AIG officials told the GAO that they had hoped to completely unwind the credit default swaps portfolio held by AIGFP by June 30.

NU Online News Service, July 19, 11:19 a.m. EDT

WASHINGTON—It remains unclear whether the federal government will be able to fully recoup its investment in American International Group (AIG), the Government Accountability Office (GAO) says in a new report.

The GAO makes its comments even though AIG has reduced the balance it owes the Treasury to $85 billion from the $123.1 billion it owed in December 2010.

The GAO says, “The government’s ability to fully recoup its exposure to AIG continues to be determined by the long-term health of AIG, changes in market conditions, and how Treasury balances its interest in selling its shares in AIG as soon as practicable while striving to maximize taxpayers’ return.”

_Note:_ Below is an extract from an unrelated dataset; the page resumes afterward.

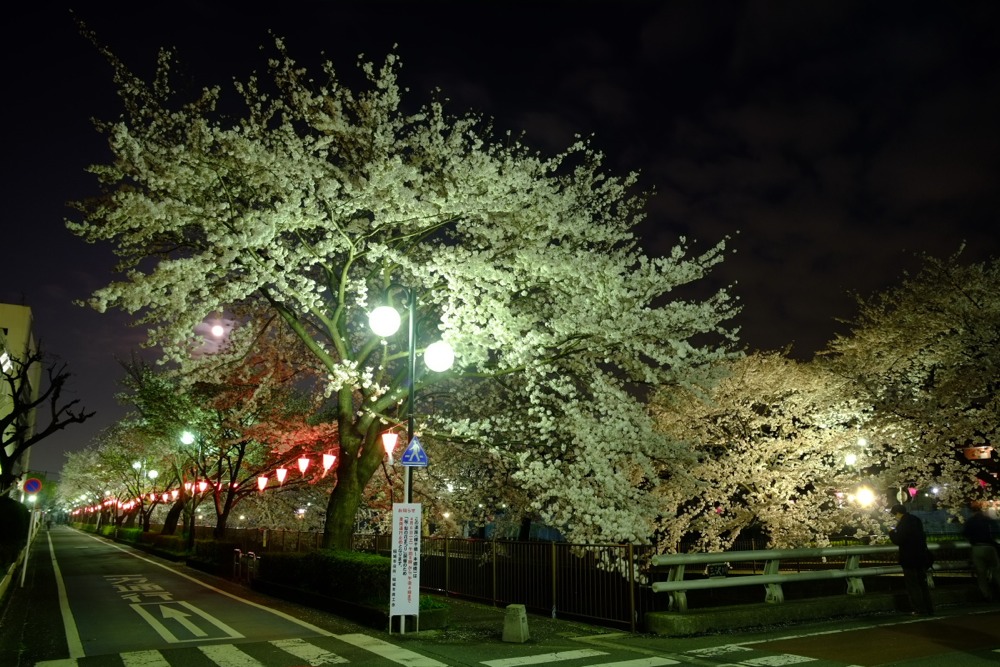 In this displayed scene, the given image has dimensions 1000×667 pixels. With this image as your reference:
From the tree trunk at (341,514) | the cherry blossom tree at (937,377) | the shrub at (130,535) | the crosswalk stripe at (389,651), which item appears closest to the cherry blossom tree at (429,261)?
the tree trunk at (341,514)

According to the report, the government’s remaining $85 billion in assistance to AIG is composed of balances owed by Maiden Lanes II and III to the Federal Reserve Bank of New York (FRBNY) and Treasury’s common stock in AIG and preferred interests in AIA Group Limited.

The report adds, “As Treasury sells its stock in AIG to exit the company, several indicators show that the most likely investors will be institutions, many of whom already have holdings in insurance companies.”

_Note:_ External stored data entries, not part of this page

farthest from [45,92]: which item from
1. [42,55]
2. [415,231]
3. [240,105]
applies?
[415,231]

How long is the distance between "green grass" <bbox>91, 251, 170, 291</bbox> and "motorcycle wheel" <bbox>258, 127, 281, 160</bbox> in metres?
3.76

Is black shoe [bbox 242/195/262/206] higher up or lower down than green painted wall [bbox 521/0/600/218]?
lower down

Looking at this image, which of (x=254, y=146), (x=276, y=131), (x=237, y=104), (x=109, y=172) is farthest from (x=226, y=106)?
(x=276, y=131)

The GAO notes that AIG Financial Products (AIGFP) continues to see overall declines in its super senior credit default swap (CDS) portfolio, including regulatory capital, multisector collateralized debt obligations, corporate collateralized loan obligations, “and mezzanine tranches (the riskiest portions of related securities that are issued together).”

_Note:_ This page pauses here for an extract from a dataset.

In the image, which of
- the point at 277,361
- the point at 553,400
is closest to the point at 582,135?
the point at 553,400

AIG officials told the GAO that they had hoped to completely unwind the credit default swaps portfolio held by AIGFP by June 30.

A company spokesman says AIG is “making steady progress” in unwinding the CDS portfolio, but that it won’t comment further on progress until it issues its report on the second quarter Aug. 4.

The GAO also says that AIG’s property and casualty operations are stable and “several indicators on the status of AIG’s insurance companies illustrate that its insurance operations are showing signs of recovery.”

On the life side, the GAO says that “throughout 2010 and into the first quarter of 2011, additions to AIG life and retirement policyholder contract deposits exceeded withdrawals.”

The government stepped in to rescue AIG on Sept. 17, 2008 after learning that the company had $2.77 trillion in outstanding CDS and that it would otherwise have had to file for bankruptcy because counterparties were demanding cash collateral as the value of the underlying securities declined.

The GAO report says AIG’s current debt to the U.S. stems from a restructuring that occurred last year.

Under the recapitalization, AIG paid the FRBNY about $21 billion to completely repay its debt to the revolving credit facility.

Treasury also exchanged its Series C, Series E and Series F preferred stocks for approximately 1.655 billion shares of AIG common stock that have a cost basis of about $49.148 billion.